Information at a Glance
Category | Transform |
Data source type | HD |
Sends output to other operators | Yes1 |
Data processing tool | Spark |
Input
A file on HDFS. You can choose the columns you want distinct combinations from, and the operator performs the calculation.
- Bad or Missing Values
- If a row of the input contains null values in at least one of the selected
Columns to Filter, the entire row is skipped before computing the correlation matrix.
After the columns to keep are determined based on the correlations, the input null values from the input are conserved in the output data set for the columns concerned.
This is a different behavior from the Database version of this operator. Replace null values before running this operator.
Configuration
Parameter | Description |
---|---|
Notes | Any notes or helpful information about this operator's parameter settings. When you enter content in the Notes field, a yellow asterisk is displayed on the operator. |
Columns to Filter
*required |
Select two or more numeric columns. Columns selected in this parameter are compared with each other, and columns are removed from this set until all of the remaining columns have correlations under the threshold defined below. |
Dependent Column
*required |
Select a numeric column. When determining which columns to remove due to high correlation with another column, the one with higher correlation with the dependent variable is selected. |
Correlation Threshold
*required |
Enter a number greater than 0 and less than or equal to 1. This threshold is used to determine whether each pair of columns are considered collinear. |
Maximum Number of Filtered Columns
*required |
Enter an integer greater than 0 or -1. If -1, the operator returns all columns whose correlations are under the threshold. If n > 0, the operator returns the top n columns, ranked by their correlation with the dependent variable. |
Pass Through Other Columns? | Choose yes to include columns not selected in Columns to Filter in the final results. The Dependent Column is always included. |
Correlation Method | Choose the correlation method to compute. Supported methods are Pearson or Spearman correlations.
Note:
Pearson vs Spearman correlations The Pearson correlation coefficient is the most widely used. It measures the strength of the linear relationship between normally distributed variables. When the variables are not normally distributed or the relationship between the variables is not linear, it might be more appropriate to use the Spearman rank correlation method. |
Write Rows Removed Due to Null Data To File | Rows with at least one null value in the
Columns to Filter are skipped during the correlation analysis (but kept in the output). This parameter allows you to specify if rows with null values are written to a file.

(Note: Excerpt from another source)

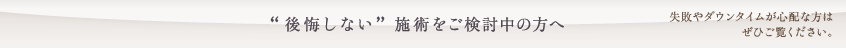 “後悔しない”施術をご検討中の方へ 失敗やダウンタイムが心配な方はぜひご覧ください。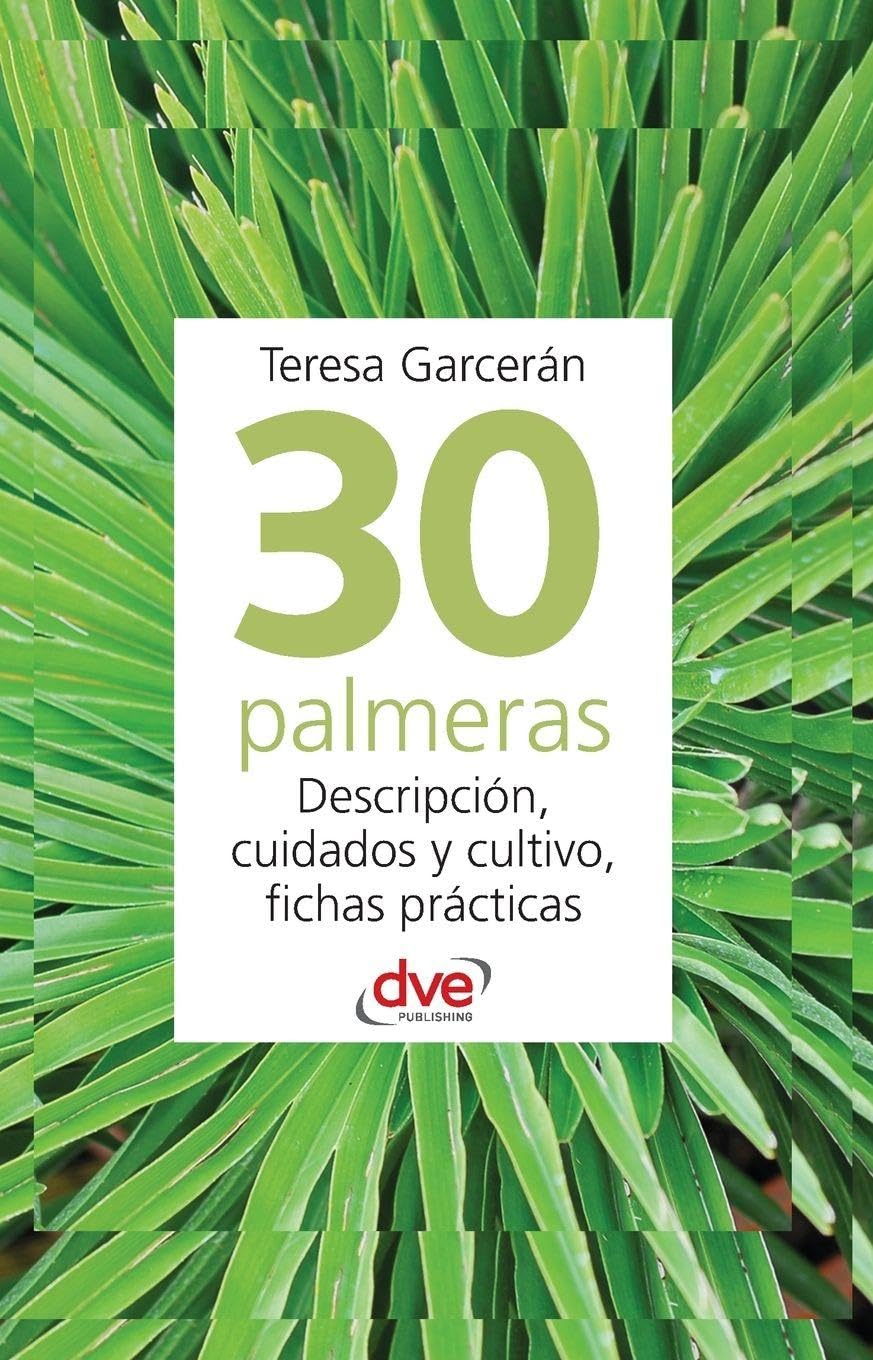 ler totalmente 30 palmeras: Descripción, cuidados y cultivo, fichas prácticas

The file is written to the same directory as the rest of the output. The filename is suffixed with _baddata.
|
Storage Format | Select the format in which to store the results. The storage format is determined by your type of operator.
Typical formats are Avro, CSV, TSV, or Parquet. |
Compression | Select the type of compression for the output.
Available Avro compression options. |
Output Directory | The location to store the output files. |
Output Name | The name to contain the results. |
Overwrite Output | Specifies whether to delete existing data at that path. |
Advanced Spark Settings Automatic Optimization |
|
Output
- Visual Output
-
- The Output tab displays a preview of the output data set.
- The Summary tab displays information about the selected parameters and the output.
- The Correlation Results tab displays which columns have been selected with additional details (correlation with dependent variable, reason why columns were not selected).
- Data Output
- The data set created with filtered columns.
Note: A partial schema can be transmitted to subsequent operators at design time, but the user must run the operator for subsequent operators to see the final output schema.The final output schema of the Correlation Filter operator is cleared if one of the following occurs:
In this case, the output schema transmitted to subsequent operators again becomes the partial schema defined at design time (hence, subsequent operators can turn invalid), and the user must run the Correlation Filter operator again to transmit the new output schema.